## PROBLEM DETAILS
In the records below, begin at the line that has "PPFM PPFM Multi" and stop after the line that has "Unitek H1209AGY01 USB-A"; quote those lines verbatim and nothing more.

== Segment start ==

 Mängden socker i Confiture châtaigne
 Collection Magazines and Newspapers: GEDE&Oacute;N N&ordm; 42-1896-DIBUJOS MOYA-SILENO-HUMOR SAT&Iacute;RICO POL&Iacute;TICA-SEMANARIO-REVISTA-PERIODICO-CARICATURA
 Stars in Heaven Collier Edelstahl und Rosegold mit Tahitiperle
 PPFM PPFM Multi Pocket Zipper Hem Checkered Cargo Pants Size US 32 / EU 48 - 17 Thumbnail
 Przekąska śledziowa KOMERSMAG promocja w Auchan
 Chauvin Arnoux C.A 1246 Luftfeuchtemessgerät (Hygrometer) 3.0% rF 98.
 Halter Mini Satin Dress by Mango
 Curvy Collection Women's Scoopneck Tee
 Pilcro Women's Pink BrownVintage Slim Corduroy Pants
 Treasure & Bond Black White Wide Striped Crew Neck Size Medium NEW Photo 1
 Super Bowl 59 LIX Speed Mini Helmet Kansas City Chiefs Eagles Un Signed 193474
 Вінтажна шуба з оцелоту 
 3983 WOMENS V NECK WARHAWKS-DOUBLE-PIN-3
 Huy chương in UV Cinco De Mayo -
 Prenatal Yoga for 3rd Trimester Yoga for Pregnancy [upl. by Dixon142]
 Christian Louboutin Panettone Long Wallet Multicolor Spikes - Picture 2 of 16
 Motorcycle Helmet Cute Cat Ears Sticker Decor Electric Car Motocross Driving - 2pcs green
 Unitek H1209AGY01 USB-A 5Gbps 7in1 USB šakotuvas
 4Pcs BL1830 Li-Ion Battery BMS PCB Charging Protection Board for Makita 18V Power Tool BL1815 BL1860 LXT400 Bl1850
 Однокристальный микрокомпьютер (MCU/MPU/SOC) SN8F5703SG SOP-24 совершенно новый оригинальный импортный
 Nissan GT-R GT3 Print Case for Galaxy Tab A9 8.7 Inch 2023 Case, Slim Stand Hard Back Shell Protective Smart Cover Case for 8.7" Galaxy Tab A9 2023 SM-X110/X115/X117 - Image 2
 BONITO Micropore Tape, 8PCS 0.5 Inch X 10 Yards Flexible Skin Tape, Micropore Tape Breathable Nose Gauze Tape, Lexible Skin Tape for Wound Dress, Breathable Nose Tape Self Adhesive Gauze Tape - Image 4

== Segment end ==

## TASK RESPONSE
 PPFM PPFM Multi Pocket Zipper Hem Checkered Cargo Pants Size US 32 / EU 48 - 17 Thumbnail
 Przekąska śledziowa KOMERSMAG promocja w Auchan
 Chauvin Arnoux C.A 1246 Luftfeuchtemessgerät (Hygrometer) 3.0% rF 98.
 Halter Mini Satin Dress by Mango
 Curvy Collection Women's Scoopneck Tee
 Pilcro Women's Pink BrownVintage Slim Corduroy Pants
 Treasure & Bond Black White Wide Striped Crew Neck Size Medium NEW Photo 1
 Super Bowl 59 LIX Speed Mini Helmet Kansas City Chiefs Eagles Un Signed 193474
 Вінтажна шуба з оцелоту 
 3983 WOMENS V NECK WARHAWKS-DOUBLE-PIN-3
 Huy chương in UV Cinco De Mayo -
 Prenatal Yoga for 3rd Trimester Yoga for Pregnancy [upl. by Dixon142]
 Christian Louboutin Panettone Long Wallet Multicolor Spikes - Picture 2 of 16
 Motorcycle Helmet Cute Cat Ears Sticker Decor Electric Car Motocross Driving - 2pcs green
 Unitek H1209AGY01 USB-A 5Gbps 7in1 USB šakotuvas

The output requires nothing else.